Enter 10 as a value for id.
Change the operator on the id column, to less than (<).
Click on Go.
No item with a
description of Pizza and an
id less than 10 exists, so you get the MySQL returned an empty result set (i.e. zero rows) message.
The search Options slider contains controls to restrict which columns will appear in the results, to ask for distinct results, to type in a
WHERE clause, to specify the number of rows per page and to choose the display order.
Now you'll have a look at the multi-table (or database) search mechanism. This searching method is handy when you are not sure of the exact table that holds a piece of data you are looking for, or when the same piece of data (say, a city name) appears in more than one table or more than one column.
Opening your database and clicking on Search brings the database search panel. You'll first try an exact search for the number 1, in all tables. To accomplish this search:
Enter 1 as the value to search.
Tick the radio button next to the exact phrase.
Click Select All to pick all tables.
Click on Go.
The following image depicts the search panel just before launching the search:
Clicking on Browse fetches the search results for a particular table, while leaving the global search results on the top of screen.
Note that the Show search criteria link is available. You now click on this link and change the search mode (in the Find dialog) from the exact phrase to at least one of the words. Clicking on Go shows different global search results with two matches inside the item table. The reason for this is the addition of the wildcard
% character before and after the searched value in the generated query, which now matches the id 10 and 11 of the item table when looking for the number 1.
Heraclitus, a Greek philosopher (and probably database designer precursor) told us that "Nothing is permanent except change". In the database world, not only data values often change but also their supporting structures (column, table, view, and database definitions).
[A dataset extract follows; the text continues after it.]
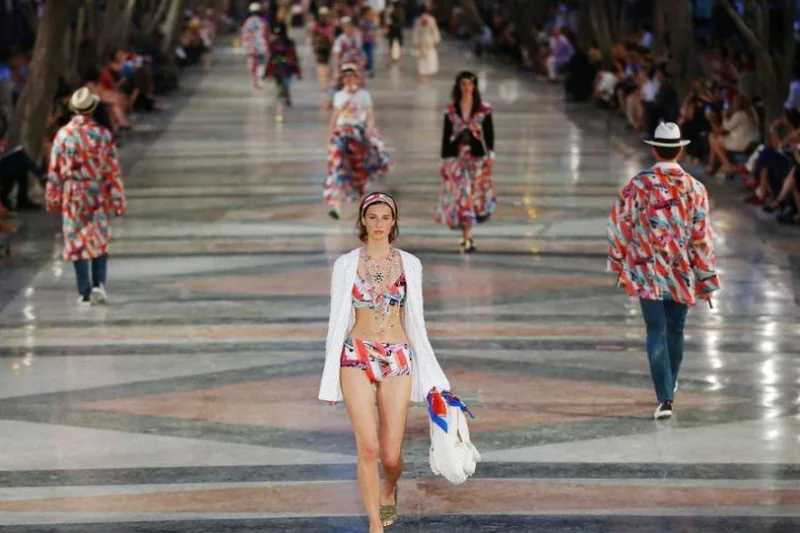 Models present creations by German designer Karl Lagerfeld as part of his latest inter-seasonal Cruise collection for fashion house Chanel at the Paseo del Prado street in Havana, Cuba, May 3, 2016. REUTERS/Alexandre Meneghini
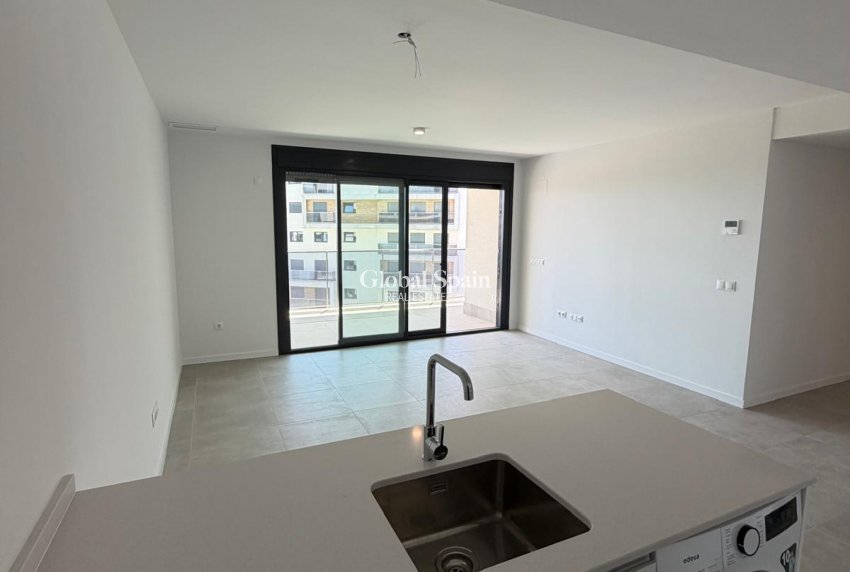 Revente - APPARTEMENT -
DEHESA DE CAMPOAMOR - Costa Blanca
You'll first explore the three graphical methods for editing data, and then you'll go on about changing data structure.
When you have a results page (generated by either browsing a table or searching in it), you notice that for each data row, Edit and Inline Edit links are offered. Moreover, a checkbox appears for each line, permitting you to choose the rows to edit via the Change link underneath.
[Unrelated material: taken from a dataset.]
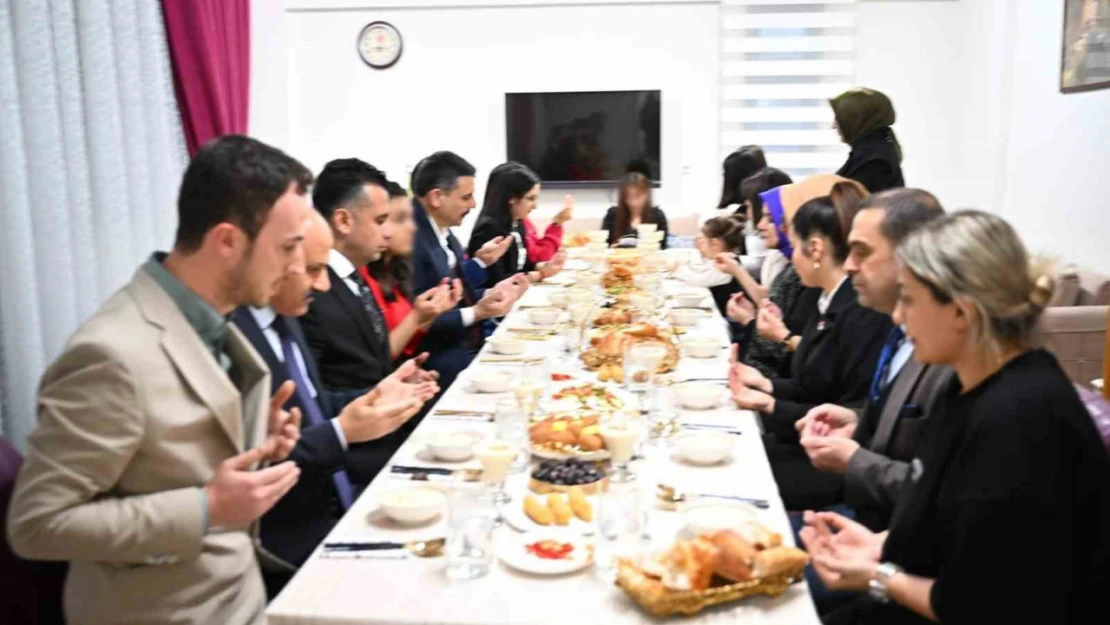 Çocuk evleri sitesinde iftar heyecanı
Let's try the Edit link for the item table. Browsing this table and clicking on Edit for id 10 brings this row in edit mode. Here you have changed the weight value from 1 to 3 and are about to click on Go to save the change:
This is the most traditional mechanism to edit a row. Using the checkboxes and the With selected: Change link permits you to put more than one row in the edit mode at once. Here are some reasons why you might want to do this:
To compare data from one row to another while editing
To copy and paste data from one row to another (for example, exchanging the weight value between peas and pizzas)
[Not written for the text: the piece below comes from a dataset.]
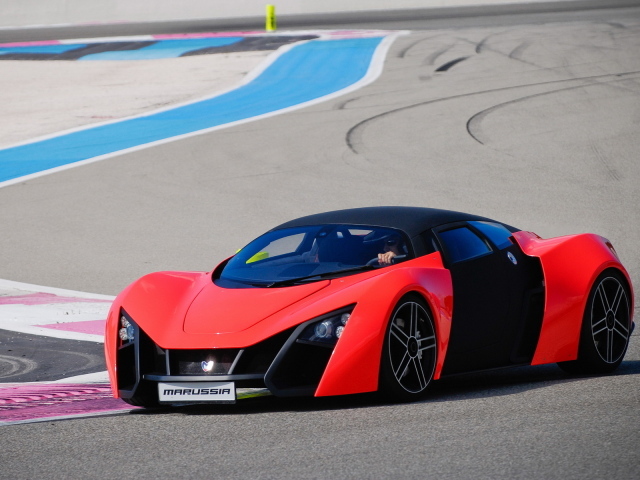 суперкар Marussia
More recently (in phpMyAdmin 3.4.x), inline editing was made available. Trying it for id 10 brings you this screen:
The advantage is that you did not leave the results page you were on; thus you can keep an eye on the data for the other rows, which can help you decide about the changes to make.
We will now explore how to modify the structure of data. You begin by opening the department table in Structure — mode this can be done either by clicking Structure for this table, or by clicking the small icon next to this table name in the navigation panel.
The Structure page shows you a great deal of information:
You can see three main sections:
The list of current columns, with a dialog to add more
The Indexes section, where you can edit or drop an index
The statistics about space usage and rows
In the next exercise you will add a column that will be used to record the date of the last inspection for this department. In the dialog Add X column(s) you see that the default is to add one column at the end of the table; then just click on Go, bringing up the following panel in which you type the new column's information:
Clicking on Save adds this column to your table. You can now browse the department table and notice that there is a new column, last_inspection, with all the dates set to 0000-00-00 as we did not set any default date.
Editing an existing row shows you a new icon: a small calendar. Clicking on it gives you a standard date picker, shown as follows:
You can also change an existing column's structure—for example, the description column becoming a
VARCHAR(110)—but beware of the consequences, should you change the type or size of the column. Data truncation could happen.
Adding an index on the last_inspection column can be done quickly via the More menu that is offered for each column:
Fine-tuning indexes is accomplished via the Indexes section by using the Edit link for a specific index. Here you can add or remove columns from an index, or even change the number of characters a column uses in this index.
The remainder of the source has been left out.